> [BRIEF]: Within the data that follows, set down exactly the lines from the one containing "Xiamen Hua Shu Hotel" through the one containing "Converse Run Star Hike Hi White Converse", both ends included.

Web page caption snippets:
-=-=-=-=-

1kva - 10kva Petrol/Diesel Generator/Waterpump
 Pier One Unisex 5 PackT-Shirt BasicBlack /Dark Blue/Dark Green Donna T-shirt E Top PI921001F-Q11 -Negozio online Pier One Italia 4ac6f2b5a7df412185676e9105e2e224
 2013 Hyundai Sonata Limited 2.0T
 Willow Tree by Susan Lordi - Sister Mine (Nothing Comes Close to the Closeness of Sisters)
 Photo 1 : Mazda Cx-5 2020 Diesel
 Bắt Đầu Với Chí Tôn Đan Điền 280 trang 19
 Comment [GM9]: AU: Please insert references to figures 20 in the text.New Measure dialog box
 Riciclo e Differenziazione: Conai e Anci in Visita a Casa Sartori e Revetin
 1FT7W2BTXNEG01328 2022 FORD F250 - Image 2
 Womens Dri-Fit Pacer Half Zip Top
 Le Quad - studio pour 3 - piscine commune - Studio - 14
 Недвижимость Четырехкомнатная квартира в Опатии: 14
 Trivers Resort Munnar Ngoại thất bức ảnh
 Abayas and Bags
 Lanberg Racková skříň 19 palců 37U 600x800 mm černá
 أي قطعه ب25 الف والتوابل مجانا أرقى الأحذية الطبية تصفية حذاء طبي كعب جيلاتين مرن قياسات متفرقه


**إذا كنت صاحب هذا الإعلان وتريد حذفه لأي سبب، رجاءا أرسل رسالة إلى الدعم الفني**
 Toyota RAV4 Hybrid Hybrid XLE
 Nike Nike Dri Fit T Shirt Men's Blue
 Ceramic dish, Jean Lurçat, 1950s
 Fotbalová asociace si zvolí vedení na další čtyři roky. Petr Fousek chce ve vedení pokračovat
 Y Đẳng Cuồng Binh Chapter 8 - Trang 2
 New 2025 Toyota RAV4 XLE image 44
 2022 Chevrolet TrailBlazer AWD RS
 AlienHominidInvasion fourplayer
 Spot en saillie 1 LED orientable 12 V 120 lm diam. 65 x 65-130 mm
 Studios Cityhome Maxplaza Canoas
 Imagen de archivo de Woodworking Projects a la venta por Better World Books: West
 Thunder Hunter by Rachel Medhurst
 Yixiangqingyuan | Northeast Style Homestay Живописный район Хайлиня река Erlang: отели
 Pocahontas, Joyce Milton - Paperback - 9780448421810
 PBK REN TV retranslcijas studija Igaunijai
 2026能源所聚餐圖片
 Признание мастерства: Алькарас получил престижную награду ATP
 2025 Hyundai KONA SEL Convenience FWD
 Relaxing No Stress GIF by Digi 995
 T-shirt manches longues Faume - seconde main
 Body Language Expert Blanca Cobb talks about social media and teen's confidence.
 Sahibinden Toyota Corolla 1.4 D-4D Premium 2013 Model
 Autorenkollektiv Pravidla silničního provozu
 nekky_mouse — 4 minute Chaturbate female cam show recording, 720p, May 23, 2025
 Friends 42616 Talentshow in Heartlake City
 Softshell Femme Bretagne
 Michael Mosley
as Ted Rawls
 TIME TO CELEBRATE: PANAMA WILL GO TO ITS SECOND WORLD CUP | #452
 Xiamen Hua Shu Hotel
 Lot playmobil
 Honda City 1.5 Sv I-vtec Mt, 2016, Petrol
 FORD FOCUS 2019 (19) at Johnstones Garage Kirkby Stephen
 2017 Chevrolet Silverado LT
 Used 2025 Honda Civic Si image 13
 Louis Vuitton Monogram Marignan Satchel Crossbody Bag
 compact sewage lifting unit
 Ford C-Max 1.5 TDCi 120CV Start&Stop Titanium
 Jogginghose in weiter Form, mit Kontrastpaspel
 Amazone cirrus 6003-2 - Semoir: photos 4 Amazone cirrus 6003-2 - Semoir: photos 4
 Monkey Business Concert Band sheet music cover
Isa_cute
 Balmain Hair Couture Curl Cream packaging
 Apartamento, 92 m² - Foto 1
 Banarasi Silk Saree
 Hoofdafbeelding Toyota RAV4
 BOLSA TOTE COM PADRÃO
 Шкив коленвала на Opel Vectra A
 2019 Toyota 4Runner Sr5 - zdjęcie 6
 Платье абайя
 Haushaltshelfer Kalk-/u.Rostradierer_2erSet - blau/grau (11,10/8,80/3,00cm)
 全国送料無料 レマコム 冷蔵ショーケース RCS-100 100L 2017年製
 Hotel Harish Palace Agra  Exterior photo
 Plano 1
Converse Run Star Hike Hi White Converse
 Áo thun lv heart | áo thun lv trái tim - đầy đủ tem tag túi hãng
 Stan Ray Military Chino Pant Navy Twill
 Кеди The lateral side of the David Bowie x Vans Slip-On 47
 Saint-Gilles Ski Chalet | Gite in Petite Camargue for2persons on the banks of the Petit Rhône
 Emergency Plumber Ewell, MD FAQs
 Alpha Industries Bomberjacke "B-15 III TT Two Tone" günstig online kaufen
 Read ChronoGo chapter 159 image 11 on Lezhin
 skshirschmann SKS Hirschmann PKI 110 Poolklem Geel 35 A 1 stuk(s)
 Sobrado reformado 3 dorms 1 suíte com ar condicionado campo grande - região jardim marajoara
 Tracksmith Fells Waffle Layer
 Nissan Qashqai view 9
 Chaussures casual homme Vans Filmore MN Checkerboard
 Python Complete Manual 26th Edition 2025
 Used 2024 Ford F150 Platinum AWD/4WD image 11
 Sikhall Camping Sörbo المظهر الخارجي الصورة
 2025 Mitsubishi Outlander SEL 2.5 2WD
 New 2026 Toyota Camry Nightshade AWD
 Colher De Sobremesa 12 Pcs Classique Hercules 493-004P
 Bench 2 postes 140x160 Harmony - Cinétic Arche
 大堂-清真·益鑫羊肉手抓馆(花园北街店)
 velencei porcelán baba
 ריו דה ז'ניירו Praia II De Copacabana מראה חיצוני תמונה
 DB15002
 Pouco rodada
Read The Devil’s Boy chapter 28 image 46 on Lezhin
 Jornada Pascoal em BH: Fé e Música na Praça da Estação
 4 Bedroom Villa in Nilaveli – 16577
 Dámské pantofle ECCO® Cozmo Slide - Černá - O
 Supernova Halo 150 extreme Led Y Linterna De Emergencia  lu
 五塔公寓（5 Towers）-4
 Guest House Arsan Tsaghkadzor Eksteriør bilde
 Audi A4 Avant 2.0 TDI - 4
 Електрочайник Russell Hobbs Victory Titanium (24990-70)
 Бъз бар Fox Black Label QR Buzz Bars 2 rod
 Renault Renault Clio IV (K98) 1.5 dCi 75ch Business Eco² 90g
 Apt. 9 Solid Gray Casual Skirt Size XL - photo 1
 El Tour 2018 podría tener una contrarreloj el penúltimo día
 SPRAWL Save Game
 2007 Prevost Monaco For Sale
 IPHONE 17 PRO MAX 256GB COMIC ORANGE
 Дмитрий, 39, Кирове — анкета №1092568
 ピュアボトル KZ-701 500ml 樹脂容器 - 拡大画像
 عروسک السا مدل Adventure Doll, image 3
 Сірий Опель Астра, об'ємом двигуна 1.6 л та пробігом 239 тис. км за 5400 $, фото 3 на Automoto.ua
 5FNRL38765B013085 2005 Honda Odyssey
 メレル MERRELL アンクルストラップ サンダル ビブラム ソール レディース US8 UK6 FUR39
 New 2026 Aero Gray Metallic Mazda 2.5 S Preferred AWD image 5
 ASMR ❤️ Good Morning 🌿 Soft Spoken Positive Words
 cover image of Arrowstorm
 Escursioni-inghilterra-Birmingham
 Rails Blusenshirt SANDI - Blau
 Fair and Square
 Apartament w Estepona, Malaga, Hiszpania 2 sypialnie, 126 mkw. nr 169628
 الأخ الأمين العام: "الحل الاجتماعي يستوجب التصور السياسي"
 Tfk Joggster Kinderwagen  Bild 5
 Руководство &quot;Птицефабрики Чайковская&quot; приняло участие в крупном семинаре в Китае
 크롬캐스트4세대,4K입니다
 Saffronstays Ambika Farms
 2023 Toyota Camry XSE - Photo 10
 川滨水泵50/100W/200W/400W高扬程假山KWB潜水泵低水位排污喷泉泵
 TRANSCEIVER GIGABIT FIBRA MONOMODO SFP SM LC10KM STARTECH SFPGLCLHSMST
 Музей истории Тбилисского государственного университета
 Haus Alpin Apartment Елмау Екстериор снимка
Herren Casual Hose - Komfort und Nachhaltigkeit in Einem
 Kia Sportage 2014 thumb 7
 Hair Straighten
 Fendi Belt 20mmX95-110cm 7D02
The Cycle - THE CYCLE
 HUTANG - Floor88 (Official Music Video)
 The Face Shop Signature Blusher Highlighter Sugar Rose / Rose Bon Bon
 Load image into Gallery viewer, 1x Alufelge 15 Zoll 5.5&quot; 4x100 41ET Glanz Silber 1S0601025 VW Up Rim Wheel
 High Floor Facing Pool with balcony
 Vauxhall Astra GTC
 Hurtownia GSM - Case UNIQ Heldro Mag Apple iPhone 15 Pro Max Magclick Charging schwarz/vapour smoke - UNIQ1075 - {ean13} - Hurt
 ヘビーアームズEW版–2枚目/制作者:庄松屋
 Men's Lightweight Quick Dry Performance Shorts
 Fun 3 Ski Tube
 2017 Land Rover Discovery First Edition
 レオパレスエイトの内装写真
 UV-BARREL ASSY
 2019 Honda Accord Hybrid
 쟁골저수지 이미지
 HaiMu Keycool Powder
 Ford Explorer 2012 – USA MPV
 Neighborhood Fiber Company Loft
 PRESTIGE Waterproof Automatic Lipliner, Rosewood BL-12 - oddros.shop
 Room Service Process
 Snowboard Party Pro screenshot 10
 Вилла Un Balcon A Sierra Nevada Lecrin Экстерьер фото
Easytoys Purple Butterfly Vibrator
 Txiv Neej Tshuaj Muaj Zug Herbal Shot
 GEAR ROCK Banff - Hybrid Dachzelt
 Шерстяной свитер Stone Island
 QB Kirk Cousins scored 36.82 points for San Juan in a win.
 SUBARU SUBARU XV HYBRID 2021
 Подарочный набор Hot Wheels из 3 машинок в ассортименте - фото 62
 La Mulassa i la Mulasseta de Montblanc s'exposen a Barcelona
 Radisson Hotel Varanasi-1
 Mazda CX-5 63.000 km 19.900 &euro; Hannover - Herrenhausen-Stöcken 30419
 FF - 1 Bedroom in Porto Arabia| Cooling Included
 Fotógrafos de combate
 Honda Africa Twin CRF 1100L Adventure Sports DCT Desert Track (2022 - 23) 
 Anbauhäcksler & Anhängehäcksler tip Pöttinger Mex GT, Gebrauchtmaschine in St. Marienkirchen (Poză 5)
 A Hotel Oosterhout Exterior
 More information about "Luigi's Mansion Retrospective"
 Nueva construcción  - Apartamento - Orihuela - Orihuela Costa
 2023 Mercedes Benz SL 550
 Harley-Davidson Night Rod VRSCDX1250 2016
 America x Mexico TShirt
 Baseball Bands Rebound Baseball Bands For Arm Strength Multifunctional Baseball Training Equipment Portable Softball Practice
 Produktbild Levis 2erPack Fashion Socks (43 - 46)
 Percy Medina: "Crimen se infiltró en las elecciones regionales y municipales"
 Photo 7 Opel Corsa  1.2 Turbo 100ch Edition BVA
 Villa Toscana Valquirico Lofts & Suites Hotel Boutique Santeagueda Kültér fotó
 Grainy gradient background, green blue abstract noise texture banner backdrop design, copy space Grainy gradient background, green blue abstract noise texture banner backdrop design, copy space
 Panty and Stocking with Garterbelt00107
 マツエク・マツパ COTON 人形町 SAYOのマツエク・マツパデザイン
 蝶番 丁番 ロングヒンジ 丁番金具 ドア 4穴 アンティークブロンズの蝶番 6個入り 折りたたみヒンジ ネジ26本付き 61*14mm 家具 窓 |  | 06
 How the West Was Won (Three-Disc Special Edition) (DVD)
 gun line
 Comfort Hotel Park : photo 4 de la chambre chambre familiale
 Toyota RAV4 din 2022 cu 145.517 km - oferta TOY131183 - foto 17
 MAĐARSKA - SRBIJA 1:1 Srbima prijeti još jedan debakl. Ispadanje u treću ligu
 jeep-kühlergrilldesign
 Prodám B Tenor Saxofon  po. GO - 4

-=-=-=-=-

> [OUTPUT FOR THIS TASK]:
 Xiamen Hua Shu Hotel
 Lot playmobil
 Honda City 1.5 Sv I-vtec Mt, 2016, Petrol
 FORD FOCUS 2019 (19) at Johnstones Garage Kirkby Stephen
 2017 Chevrolet Silverado LT
 Used 2025 Honda Civic Si image 13
 Louis Vuitton Monogram Marignan Satchel Crossbody Bag
 compact sewage lifting unit
 Ford C-Max 1.5 TDCi 120CV Start&Stop Titanium
 Jogginghose in weiter Form, mit Kontrastpaspel
 Amazone cirrus 6003-2 - Semoir: photos 4 Amazone cirrus 6003-2 - Semoir: photos 4
 Monkey Business Concert Band sheet music cover
Isa_cute
 Balmain Hair Couture Curl Cream packaging
 Apartamento, 92 m² - Foto 1
 Banarasi Silk Saree
 Hoofdafbeelding Toyota RAV4
 BOLSA TOTE COM PADRÃO
 Шкив коленвала на Opel Vectra A
 2019 Toyota 4Runner Sr5 - zdjęcie 6
 Платье абайя
 Haushaltshelfer Kalk-/u.Rostradierer_2erSet - blau/grau (11,10/8,80/3,00cm)
 全国送料無料 レマコム 冷蔵ショーケース RCS-100 100L 2017年製
 Hotel Harish Palace Agra  Exterior photo
 Plano 1
Converse Run Star Hike Hi White Converse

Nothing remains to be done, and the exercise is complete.